Structure-activity studies on nociceptin analogues: ORL1 receptor binding and biological activity of cyclic disulfide-containing analogues of nociceptin peptides.

Nociceptin/Orphanin FQ is an endogenous peptide ligand for the opioid receptor-like 1 (ORL1) receptor. To investigate the structural and conformational requirements of the nociceptin (NC)-receptor interaction, six cyclic analogues containing Cys disulfide linkages were designed and synthesized. Analogues cyclized at the N-terminal part, cyclo[Cys(0), Cys(7)]NC(1-13)-NH(2) (2) and cyclo[Cys(0), Cys(11)]NC(1-13)-NH(2) (4), and their corresponding linear peptides had very low activities in both the receptor binding and the GTP gamma S functional assays using human ORL1 transfected cell membranes.
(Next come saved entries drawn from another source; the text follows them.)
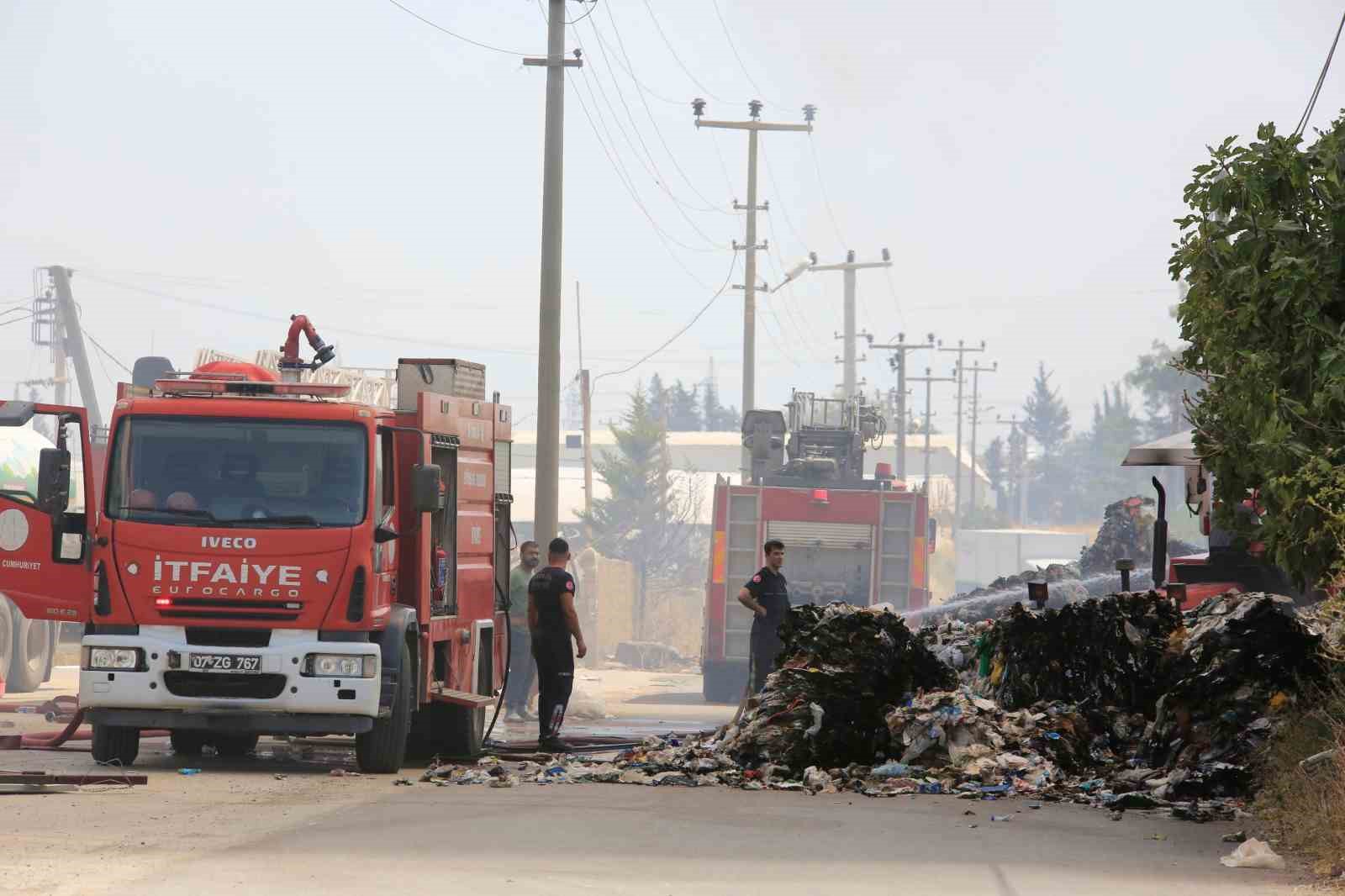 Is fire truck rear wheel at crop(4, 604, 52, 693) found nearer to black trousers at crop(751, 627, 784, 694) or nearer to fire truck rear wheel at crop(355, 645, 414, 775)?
black trousers at crop(751, 627, 784, 694)

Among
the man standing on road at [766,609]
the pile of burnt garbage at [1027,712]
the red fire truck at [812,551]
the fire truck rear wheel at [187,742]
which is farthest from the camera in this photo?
the red fire truck at [812,551]

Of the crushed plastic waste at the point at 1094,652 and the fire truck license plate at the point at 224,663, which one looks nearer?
the fire truck license plate at the point at 224,663

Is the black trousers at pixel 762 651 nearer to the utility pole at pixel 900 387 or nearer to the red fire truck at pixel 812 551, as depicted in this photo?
the red fire truck at pixel 812 551

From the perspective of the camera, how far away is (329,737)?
18.1 m

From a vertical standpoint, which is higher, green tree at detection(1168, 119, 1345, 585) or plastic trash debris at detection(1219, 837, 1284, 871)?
green tree at detection(1168, 119, 1345, 585)

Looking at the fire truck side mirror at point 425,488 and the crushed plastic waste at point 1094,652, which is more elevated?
the fire truck side mirror at point 425,488

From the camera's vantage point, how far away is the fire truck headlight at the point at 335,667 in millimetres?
13719

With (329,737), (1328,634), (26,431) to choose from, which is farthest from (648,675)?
(1328,634)

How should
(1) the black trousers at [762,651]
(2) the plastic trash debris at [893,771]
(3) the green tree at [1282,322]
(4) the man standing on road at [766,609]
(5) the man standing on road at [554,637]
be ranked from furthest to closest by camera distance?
1. (1) the black trousers at [762,651]
2. (4) the man standing on road at [766,609]
3. (5) the man standing on road at [554,637]
4. (2) the plastic trash debris at [893,771]
5. (3) the green tree at [1282,322]

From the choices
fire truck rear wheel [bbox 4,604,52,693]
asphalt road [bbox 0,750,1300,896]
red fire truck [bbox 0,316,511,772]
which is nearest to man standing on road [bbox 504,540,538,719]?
red fire truck [bbox 0,316,511,772]

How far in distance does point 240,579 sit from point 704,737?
4490 mm

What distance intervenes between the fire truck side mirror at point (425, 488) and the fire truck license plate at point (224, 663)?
153cm

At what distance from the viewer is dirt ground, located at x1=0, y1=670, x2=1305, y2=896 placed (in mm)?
8883

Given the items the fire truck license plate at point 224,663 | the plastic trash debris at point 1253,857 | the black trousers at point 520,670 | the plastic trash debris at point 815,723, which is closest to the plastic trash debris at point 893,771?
the plastic trash debris at point 815,723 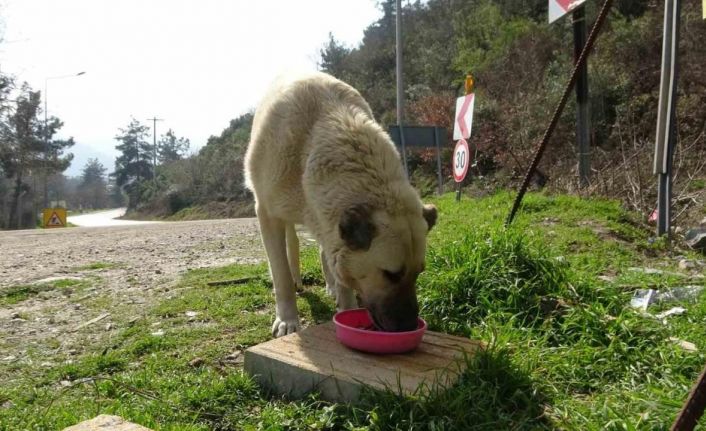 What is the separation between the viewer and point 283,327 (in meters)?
3.51

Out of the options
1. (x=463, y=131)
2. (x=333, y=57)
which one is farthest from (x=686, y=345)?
(x=333, y=57)

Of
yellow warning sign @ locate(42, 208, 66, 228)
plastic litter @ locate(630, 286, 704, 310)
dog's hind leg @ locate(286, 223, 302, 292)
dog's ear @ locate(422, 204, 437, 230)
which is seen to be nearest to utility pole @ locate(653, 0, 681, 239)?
plastic litter @ locate(630, 286, 704, 310)

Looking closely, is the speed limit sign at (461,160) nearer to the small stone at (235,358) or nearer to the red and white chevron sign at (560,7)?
the red and white chevron sign at (560,7)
On the contrary, analogues cyclized at the C-terminal parts by the disulfide linkages at positions 6-10, 7-11, 7-14, and 10-14 sustained relatively high potencies in both assays. Notably, cyclo[Cys(10), Cys(14)]NC(1-14)-NH(2) (12) was found to be a potent NC agonist nearly as active as the parent peptide or NC. The maximum efficacy (Emax) of the C-terminally cyclized analogues and their linear counterparts in the GTP gamma S functional assay showed more than 94% (vs NC as 100%), suggesting that these analogues are full agonists. Analogue 12 is the first conformationally constrained NC analogue with almost full activity, and thus may serve to analyze the bioactive conformations of NC at the receptor site as well as serving as a template for more potent NC agonists.